BEGIN SOURCE INFORMATION

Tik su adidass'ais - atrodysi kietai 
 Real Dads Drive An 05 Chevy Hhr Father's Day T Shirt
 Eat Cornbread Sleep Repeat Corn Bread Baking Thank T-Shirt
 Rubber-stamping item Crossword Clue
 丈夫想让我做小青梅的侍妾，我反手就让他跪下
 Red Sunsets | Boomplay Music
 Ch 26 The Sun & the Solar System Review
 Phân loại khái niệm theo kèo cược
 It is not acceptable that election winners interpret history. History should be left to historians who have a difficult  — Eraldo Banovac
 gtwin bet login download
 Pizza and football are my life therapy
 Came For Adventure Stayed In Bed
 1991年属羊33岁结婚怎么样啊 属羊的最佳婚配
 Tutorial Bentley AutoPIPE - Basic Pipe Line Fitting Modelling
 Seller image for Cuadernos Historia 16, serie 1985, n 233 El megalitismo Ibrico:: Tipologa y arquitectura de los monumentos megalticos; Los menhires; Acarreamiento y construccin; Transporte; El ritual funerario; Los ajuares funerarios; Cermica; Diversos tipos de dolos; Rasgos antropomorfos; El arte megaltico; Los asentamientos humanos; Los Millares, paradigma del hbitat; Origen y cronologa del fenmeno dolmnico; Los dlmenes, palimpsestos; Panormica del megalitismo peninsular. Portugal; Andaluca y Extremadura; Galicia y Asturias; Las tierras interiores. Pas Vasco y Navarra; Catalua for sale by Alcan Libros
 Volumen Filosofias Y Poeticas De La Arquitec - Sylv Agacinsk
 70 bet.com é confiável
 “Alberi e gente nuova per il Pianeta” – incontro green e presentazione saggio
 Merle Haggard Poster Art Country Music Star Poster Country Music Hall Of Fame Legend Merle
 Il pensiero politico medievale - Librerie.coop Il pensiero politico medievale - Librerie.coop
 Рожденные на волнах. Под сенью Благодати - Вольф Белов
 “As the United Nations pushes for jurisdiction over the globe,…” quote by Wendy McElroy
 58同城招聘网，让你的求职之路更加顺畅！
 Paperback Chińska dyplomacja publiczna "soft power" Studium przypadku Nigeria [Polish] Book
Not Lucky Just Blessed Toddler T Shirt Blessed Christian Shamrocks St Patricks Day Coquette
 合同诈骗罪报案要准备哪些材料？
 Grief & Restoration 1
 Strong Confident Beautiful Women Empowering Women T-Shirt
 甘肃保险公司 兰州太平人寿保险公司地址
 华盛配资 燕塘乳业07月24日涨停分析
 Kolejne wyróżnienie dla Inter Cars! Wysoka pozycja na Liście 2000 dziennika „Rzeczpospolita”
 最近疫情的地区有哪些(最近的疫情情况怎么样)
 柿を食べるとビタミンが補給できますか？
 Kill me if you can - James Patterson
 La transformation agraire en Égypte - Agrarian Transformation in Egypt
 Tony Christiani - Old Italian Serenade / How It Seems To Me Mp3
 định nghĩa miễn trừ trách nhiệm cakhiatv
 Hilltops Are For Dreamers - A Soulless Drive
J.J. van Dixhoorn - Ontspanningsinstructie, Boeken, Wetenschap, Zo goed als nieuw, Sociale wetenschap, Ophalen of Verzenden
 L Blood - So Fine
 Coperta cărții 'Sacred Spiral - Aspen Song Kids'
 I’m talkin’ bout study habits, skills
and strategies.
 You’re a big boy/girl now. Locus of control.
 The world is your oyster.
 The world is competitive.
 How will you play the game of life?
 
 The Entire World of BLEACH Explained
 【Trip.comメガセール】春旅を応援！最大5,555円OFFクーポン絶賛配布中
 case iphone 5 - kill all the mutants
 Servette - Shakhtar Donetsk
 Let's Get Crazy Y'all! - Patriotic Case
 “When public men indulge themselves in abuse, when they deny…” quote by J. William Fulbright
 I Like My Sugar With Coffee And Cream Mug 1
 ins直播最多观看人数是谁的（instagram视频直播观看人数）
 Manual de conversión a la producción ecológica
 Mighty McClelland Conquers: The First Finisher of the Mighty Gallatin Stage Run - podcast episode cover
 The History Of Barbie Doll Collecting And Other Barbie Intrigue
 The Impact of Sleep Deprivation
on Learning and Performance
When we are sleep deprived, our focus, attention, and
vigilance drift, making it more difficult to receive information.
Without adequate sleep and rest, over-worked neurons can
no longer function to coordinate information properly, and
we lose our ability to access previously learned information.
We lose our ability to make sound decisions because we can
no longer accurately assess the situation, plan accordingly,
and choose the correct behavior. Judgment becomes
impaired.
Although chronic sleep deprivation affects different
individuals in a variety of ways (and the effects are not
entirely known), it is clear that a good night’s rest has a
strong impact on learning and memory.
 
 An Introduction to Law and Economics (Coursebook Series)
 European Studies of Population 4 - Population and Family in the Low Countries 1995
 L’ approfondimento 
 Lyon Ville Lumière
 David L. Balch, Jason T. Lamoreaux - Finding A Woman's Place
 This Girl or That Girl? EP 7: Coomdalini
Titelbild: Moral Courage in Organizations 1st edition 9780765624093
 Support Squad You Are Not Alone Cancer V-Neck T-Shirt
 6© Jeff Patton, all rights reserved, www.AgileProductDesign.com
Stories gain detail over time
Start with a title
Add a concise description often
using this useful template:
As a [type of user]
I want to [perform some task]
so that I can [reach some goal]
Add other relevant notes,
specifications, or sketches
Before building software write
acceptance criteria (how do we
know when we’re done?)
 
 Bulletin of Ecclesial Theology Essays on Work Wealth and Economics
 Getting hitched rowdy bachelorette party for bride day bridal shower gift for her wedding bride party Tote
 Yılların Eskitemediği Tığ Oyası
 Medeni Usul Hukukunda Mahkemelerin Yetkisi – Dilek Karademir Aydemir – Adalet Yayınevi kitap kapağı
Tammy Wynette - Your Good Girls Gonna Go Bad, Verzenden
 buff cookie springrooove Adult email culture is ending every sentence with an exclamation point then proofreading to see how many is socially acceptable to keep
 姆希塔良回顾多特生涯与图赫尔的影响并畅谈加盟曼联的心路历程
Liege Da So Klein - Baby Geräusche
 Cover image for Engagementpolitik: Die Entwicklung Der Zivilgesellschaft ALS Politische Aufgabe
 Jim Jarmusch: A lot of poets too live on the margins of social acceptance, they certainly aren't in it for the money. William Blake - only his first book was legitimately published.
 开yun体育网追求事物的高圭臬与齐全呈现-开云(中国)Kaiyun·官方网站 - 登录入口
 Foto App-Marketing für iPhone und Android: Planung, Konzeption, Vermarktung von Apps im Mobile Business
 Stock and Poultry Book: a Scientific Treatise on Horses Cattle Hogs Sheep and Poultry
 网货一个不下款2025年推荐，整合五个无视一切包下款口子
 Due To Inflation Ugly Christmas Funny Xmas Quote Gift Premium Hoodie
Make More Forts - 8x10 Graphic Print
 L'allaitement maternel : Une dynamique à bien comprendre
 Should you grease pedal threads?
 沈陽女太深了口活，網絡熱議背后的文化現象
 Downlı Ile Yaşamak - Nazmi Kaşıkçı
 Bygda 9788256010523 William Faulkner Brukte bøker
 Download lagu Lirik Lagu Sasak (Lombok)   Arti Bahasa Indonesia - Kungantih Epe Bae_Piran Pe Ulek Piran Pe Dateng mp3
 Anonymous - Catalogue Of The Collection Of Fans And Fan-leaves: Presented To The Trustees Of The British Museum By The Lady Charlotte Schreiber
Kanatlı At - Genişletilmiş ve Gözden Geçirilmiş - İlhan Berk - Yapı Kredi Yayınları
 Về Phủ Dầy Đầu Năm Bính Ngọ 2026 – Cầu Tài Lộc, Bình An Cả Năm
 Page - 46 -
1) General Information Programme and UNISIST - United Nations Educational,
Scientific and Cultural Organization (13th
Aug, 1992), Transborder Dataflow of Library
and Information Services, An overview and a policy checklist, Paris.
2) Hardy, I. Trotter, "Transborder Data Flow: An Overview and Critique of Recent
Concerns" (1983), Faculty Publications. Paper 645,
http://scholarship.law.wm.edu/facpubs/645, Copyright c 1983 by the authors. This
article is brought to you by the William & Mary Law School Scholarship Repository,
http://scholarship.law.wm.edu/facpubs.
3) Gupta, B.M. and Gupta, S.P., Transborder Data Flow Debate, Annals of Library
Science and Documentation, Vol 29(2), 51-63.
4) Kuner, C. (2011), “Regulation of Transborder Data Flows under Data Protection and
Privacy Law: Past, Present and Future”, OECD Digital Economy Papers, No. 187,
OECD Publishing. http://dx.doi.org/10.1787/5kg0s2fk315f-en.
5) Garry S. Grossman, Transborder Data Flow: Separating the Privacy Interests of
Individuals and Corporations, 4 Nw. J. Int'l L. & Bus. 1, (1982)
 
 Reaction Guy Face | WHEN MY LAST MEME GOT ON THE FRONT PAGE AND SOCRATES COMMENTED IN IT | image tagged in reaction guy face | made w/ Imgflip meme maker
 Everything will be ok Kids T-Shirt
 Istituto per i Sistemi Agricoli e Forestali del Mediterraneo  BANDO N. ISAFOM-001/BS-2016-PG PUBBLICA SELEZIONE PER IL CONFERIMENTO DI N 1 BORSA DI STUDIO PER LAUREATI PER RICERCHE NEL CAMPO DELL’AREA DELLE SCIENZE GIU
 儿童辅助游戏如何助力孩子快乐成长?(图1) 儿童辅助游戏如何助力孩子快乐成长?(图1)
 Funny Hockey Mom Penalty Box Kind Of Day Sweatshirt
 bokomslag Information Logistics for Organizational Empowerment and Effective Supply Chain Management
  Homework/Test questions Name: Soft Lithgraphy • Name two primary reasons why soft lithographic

END SOURCE INFORMATION

> _ABOUT THIS TASK_
Transcribe, exactly and without additions, the lines of the records above, beginning with the line that contains "Without adequate sleep" and ending with the line that contains "An Introduction to", both included.

> _PROBLEM SOLUTION_
Without adequate sleep and rest, over-worked neurons can
no longer function to coordinate information properly, and
we lose our ability to access previously learned information.
We lose our ability to make sound decisions because we can
no longer accurately assess the situation, plan accordingly,
and choose the correct behavior. Judgment becomes
impaired.
Although chronic sleep deprivation affects different
individuals in a variety of ways (and the effects are not
entirely known), it is clear that a good night’s rest has a
strong impact on learning and memory.
 
 An Introduction to Law and Economics (Coursebook Series)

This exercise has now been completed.